The European Central Bank could prevent inflation expectations from becoming unmoored and drifting upwards by continuing to raise its policy rate, as discussed in our recent report on the euro area. A further tightening of monetary policy in the near term would prevent much more costly measures later to bring inflation back to target.
As the Chart of the Week shows, the ECB Governing Council has raised its deposit-facility rate eight times, by a total of 400 basis points, since it started to tighten policy in mid-2022. These decisive actions have helped keep longer-term expectations well anchored so far.
If the ECB were to raise its policy rate further and possibly above the 3.75 percent peak that markets expect now, depending on incoming data, this would help significantly to prevent high inflation from becoming entrenched. In fact, inflation would converge more rapidly towards the 2 percent target and interest rates could then fall at a faster pace.
The original shocks to energy and food prices that catapulted inflation above target are dissipating. But inflation is still high, with prices in the euro area rising by 5.5 percent from a year earlier in June. Core prices—a more reliable measure of underlying inflationary pressures—were up by 5.4 percent. Core inflation in the three months to June was also still much higher than the ECB’s target, at 4.6 percent on an annualized basis.

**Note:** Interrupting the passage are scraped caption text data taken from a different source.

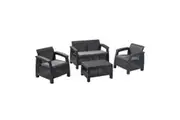 Keter Corfu Outdoor Four Seater Lounge Set (Graphite)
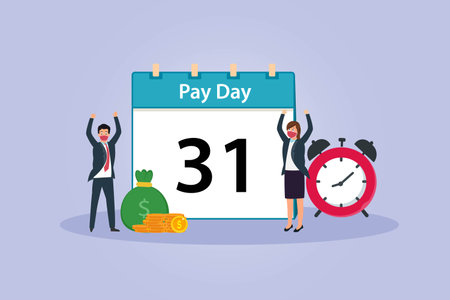 Payday vector concept: Female and male workers feeling excited for payday while wearing face mask in new normalのイラスト素材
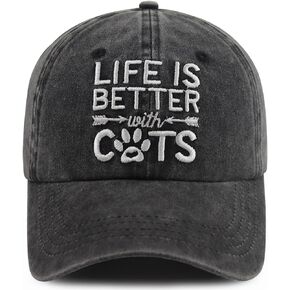 Life is Better with Cats Hat for Men Women, Funny Adjustable Embroidered Animal Gifts Baseball Cap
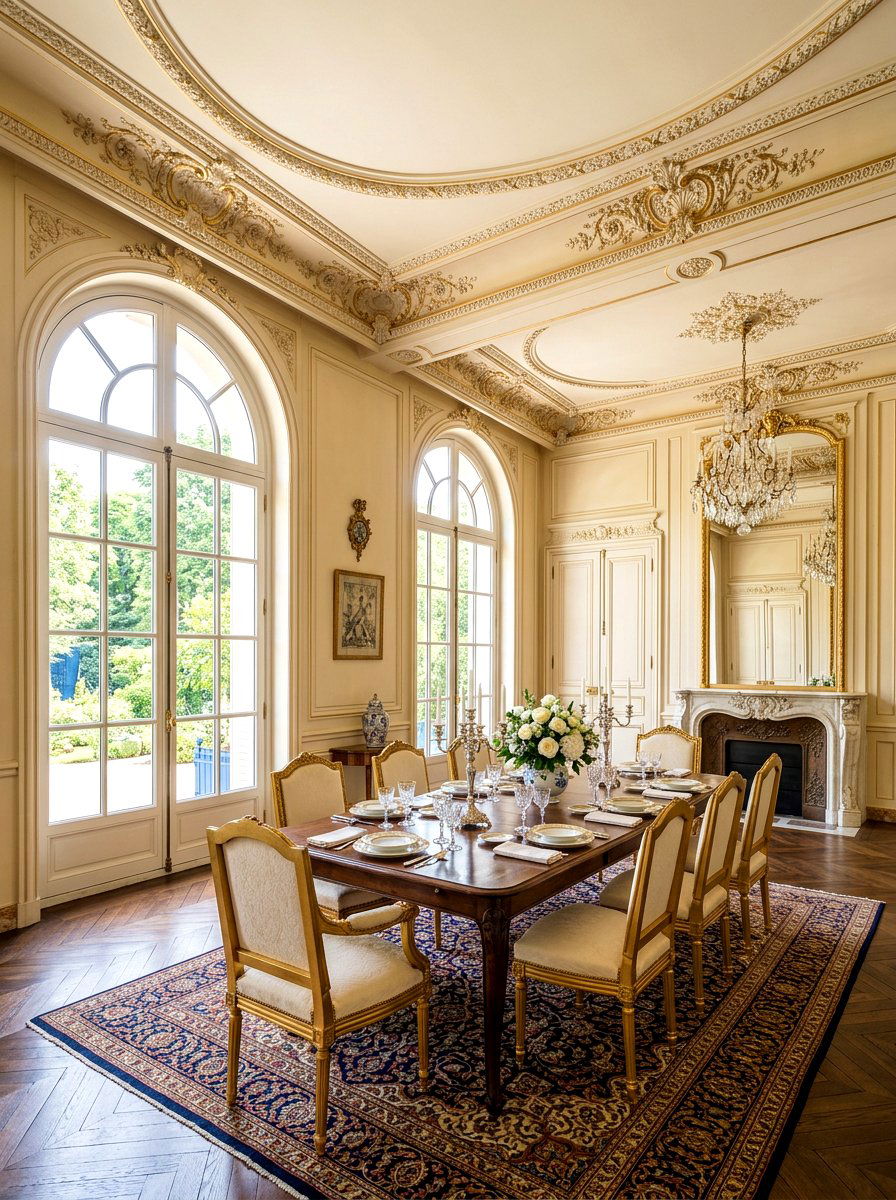 Decorative crown molding - 30 Paris cafe dining room ideas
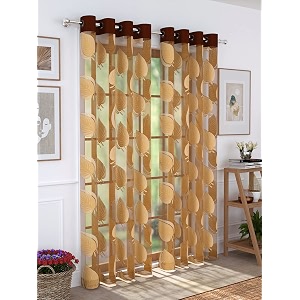 storyhome polyester sheer linen look semi transparent voile grommet long door curtains floral curtain 9 feet light brown set of 2
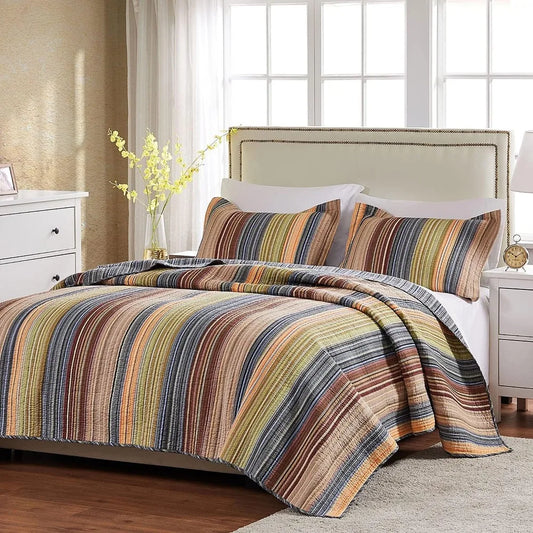 Greenland Home Katy - Reversible Stripe Quilt Set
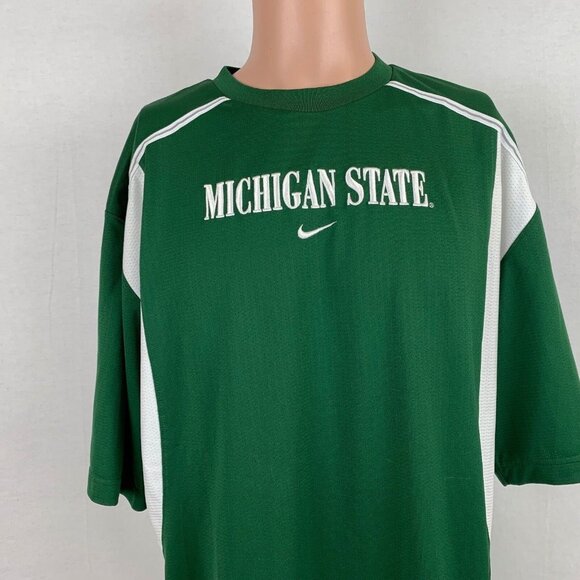 Nike Michigan State Spartans Basketball Dri Fit Shooting Shirt Vtg 90s NCAA L - Picture 1 of 7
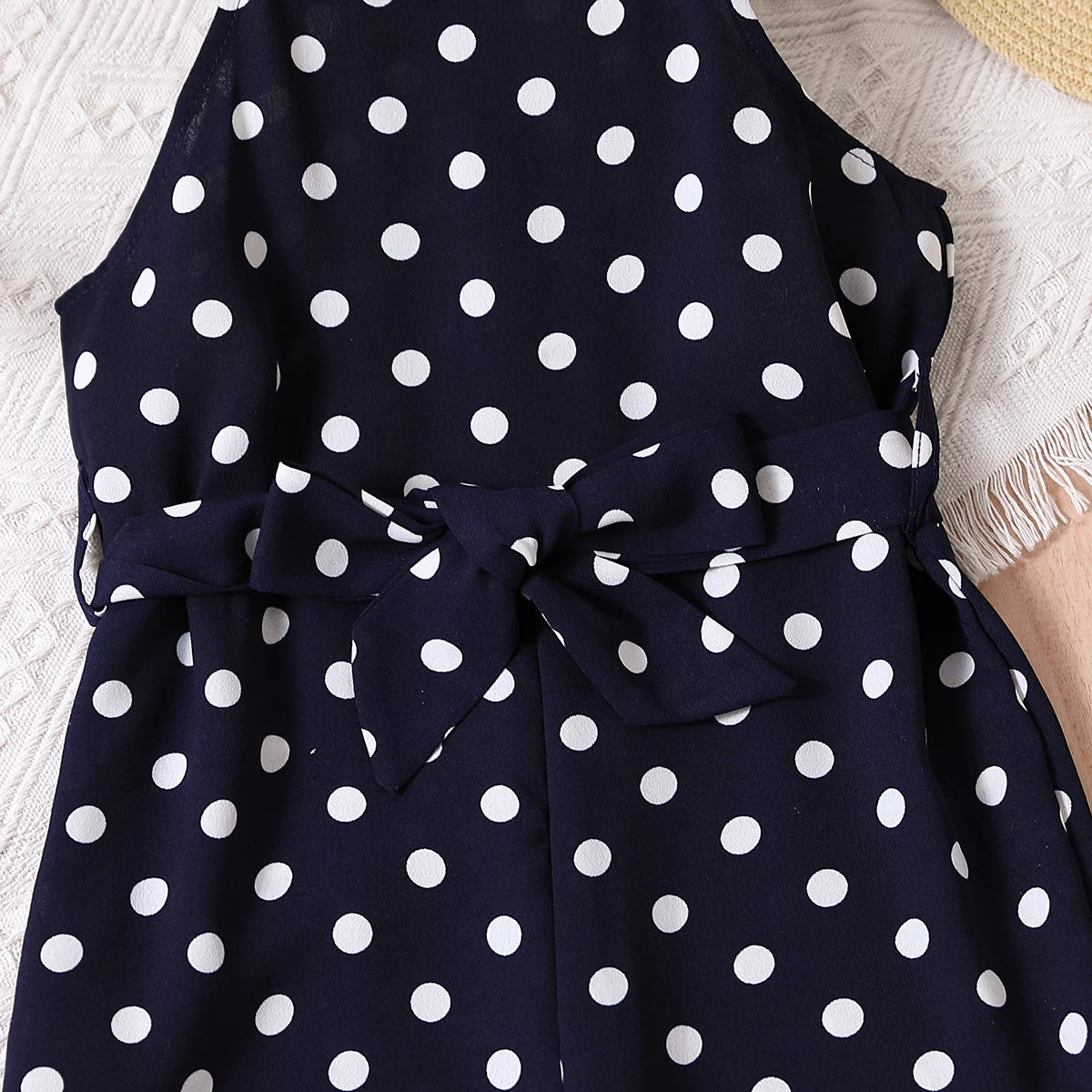Girls Classic Black White Polka Dot One-Piece Outfit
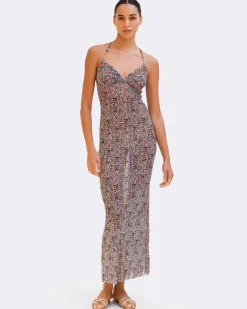 Best - Speckled Poa Maxi Dress - Off White Multi Midi | Midi Dresses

Inflation pressures are likely to persist for some time. Workers will try to recoup losses in purchasing power by pushing for higher wages, while businesses are likely to seek to protect their profits by setting their retail prices to reflect higher labor costs. We do not see inflation coming back to target before mid-2025—and inflation could possibly prove more persistent if, for instance, inflation expectations shift upwards or the share of wage contracts containing backward-indexation clauses increases.
In the face of persistent inflation, the ECB should persevere in keeping monetary policy tight. For a while, the ECB should react more strongly when inflation comes in above expectations than it does when inflation is below expectations—adopting a so-called tightening bias.
A tightening bias would help prevent high inflation from becoming entrenched—a bad outcome that would ultimately force the ECB to tighten more and for longer to return inflation to target, causing a sharper economic downturn later.
Of course, the ECB should remain flexible given the economic uncertainties ahead and be ready to adjust course depending on the flow of data. The ECB’s meeting-by-meeting approach to making policy decisions rightly allows it to set rates based on the evolving inflation outlook, and incoming information on the drivers of underlying inflation and the strength of monetary policy transmission.